Records from a data source »
——————————
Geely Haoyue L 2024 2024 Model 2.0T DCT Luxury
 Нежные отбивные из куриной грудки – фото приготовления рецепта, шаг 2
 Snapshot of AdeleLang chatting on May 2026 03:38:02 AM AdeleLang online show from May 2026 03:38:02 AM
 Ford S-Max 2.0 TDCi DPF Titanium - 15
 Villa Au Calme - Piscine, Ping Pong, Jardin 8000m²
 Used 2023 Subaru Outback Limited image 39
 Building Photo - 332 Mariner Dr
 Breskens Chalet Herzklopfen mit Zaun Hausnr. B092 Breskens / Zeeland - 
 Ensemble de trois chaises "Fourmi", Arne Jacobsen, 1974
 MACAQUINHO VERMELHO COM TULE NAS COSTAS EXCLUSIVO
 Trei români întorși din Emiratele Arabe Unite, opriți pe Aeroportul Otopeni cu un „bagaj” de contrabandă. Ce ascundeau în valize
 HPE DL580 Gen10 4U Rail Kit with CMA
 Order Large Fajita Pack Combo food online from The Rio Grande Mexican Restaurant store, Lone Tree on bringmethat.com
——————————
Your objective » Write out every record verbatim.

Output for this task »
Geely Haoyue L 2024 2024 Model 2.0T DCT Luxury
 Нежные отбивные из куриной грудки – фото приготовления рецепта, шаг 2
 Snapshot of AdeleLang chatting on May 2026 03:38:02 AM AdeleLang online show from May 2026 03:38:02 AM
 Ford S-Max 2.0 TDCi DPF Titanium - 15
 Villa Au Calme - Piscine, Ping Pong, Jardin 8000m²
 Used 2023 Subaru Outback Limited image 39
 Building Photo - 332 Mariner Dr
 Breskens Chalet Herzklopfen mit Zaun Hausnr. B092 Breskens / Zeeland - 
 Ensemble de trois chaises "Fourmi", Arne Jacobsen, 1974
 MACAQUINHO VERMELHO COM TULE NAS COSTAS EXCLUSIVO
 Trei români întorși din Emiratele Arabe Unite, opriți pe Aeroportul Otopeni cu un „bagaj” de contrabandă. Ce ascundeau în valize
 HPE DL580 Gen10 4U Rail Kit with CMA
 Order Large Fajita Pack Combo food online from The Rio Grande Mexican Restaurant store, Lone Tree on bringmethat.com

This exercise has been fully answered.